Centro de Referência em Agroecologia - São Bento - 22/04/18)

Parte III - “ALEGRIA, ALEGRIA, ALEGRIA”

Centro de Referência em Agroecologia - São Bento - 22/04/18)

Chegamos no Centro de Referência em Agroecologia cedinho. Café na mesa e as pessoa se arrumando pro início das atividades. Como vimos que ainda levariam um tempo, decidimos andar um pouco e conhecer uma represa que havia ali perto. Pés na água fria em manhã de sol.

Voltamos e fomos convocados pro início da Mística que, dessa vez, aconteceu embaixo de um Jatobá imenso. Fizemos uma roda e cada um de nós recebeu uma semente daquela árvore. Semente roxa redonda, bonita que só. Demos as mãos e, em uma ciranda, cantamos essa canção:

“Da semente nasce o fruto
Num processo tão bonito
Do fruto nasce a semente
E assim se repete o ciclo”

Tocados mais uma vez, fomos pra oficina.

Tamy e Júlia, naquela manhã, propuseram um trabalho de movimentação do coro no espaço e de narração, incluindo os diversos cantos que o grupo trouxe no dia anterior.

Que força daquela gente junta cantando!

Almoçamos enquanto batíamos papo em pequenos grupos - queríamos saber mais uns dos outros, das histórias, dos fatos, da luta, da arte.

Voltamos pro último bloco da oficina.
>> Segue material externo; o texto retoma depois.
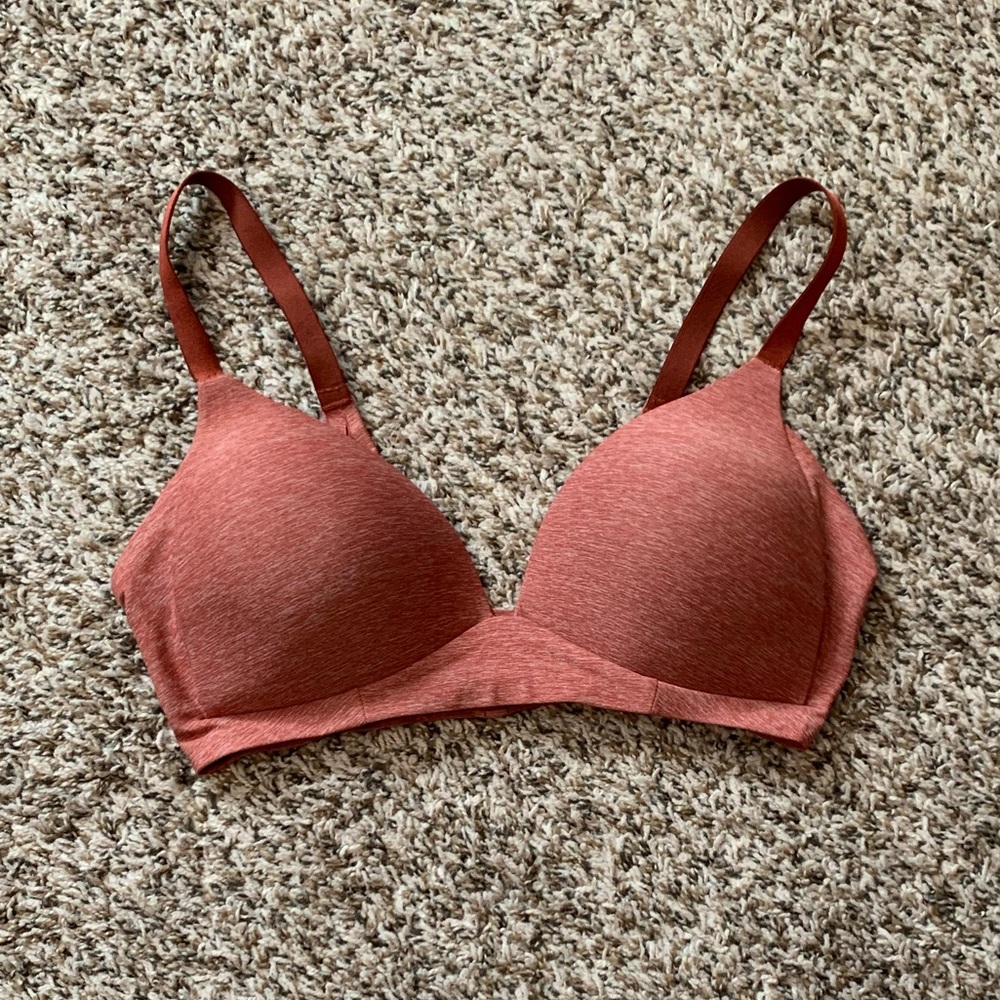 Aerie 32D Real Sunni Wireless Bra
A proposta era que eles, amparados por todos os elementos trabalhado naqueles dois dias, criassem uma cena de uma história real que os mobilizasse de alguma maneira. Eles tiveram uma hora pra elaborar a cena, assistimos uma primeira vez pra orientar sobre alguns pontos, demos mais um tempinho e fizemos a apresentação final.
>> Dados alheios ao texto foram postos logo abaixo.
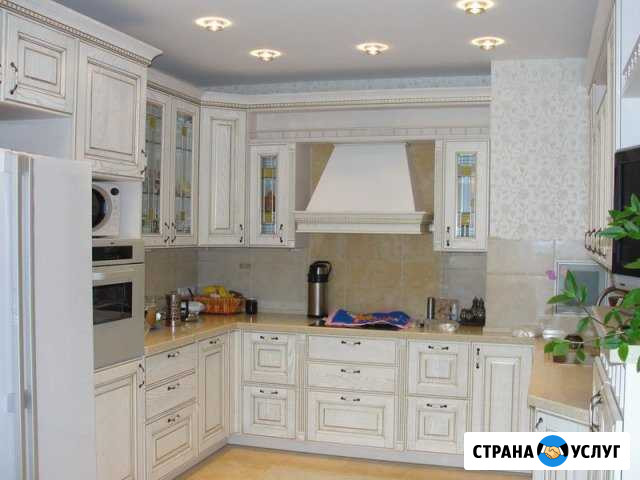 Кухня Массив Новочебоксарск - изображение 1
Eles contaram a história da Marielle Franco usando o trabalho de coro, as músicas, a criação de personagens e objetos no espaço, o olhar para o público.
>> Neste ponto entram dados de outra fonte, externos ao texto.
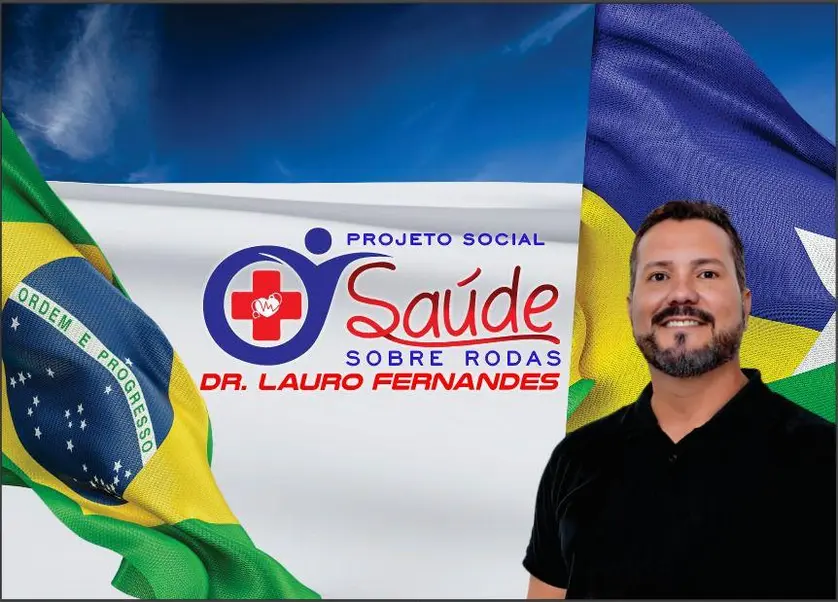 Saúde Sobre Rodas oferece atendimento gratuito na Ponta do Abunã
Emocionados e arrepiados, sentamos em uma roda pra conversar sobre a jornada da oficina.
Os ouvimos dizer que ficaram felizes com a experiência porque às vezes pensam que não têm recursos pra criar suas intervenções e viram que isso pode ser feito de forma potente usando apenas o próprio corpo. Falaram que tomaram consciência das suas potencialidades e como isso foi importante pra elevar a autoestima do grupo.

Nós falamos mais uma vez sobre como estávamos impressionados com tamanha potência. Sobre como, para nós, aqueles momentos tinham sido de troca e aprendizados profundos. Eu falei pra eles que além das infinitas aulas de história, política, economia que eles tinham me dado naqueles dois dias, me deram também uma grande aula de teatro. Não era pra agradá-los, não. De fato aqueles jovens me fizeram relembrar o que é estar em cena com vida e com desejo. Falei pra eles que saía dali uma outra atriz.

O papo tava bom, mas precisávamos nos trocar e arrumar tudo para a apresentação do espetáculo. Enquanto fazíamos isso, os jovens foram dar uma volta pelo assentamento, reforçar o convite pras pessoas do entorno.

A apresentação foi deliciosa. Estávamos muito conectados com eles. Vivemos um grande jogo, brincávamos, ríamos, fazíamos piadas sobre o que tínhamos vivido ali naqueles dias.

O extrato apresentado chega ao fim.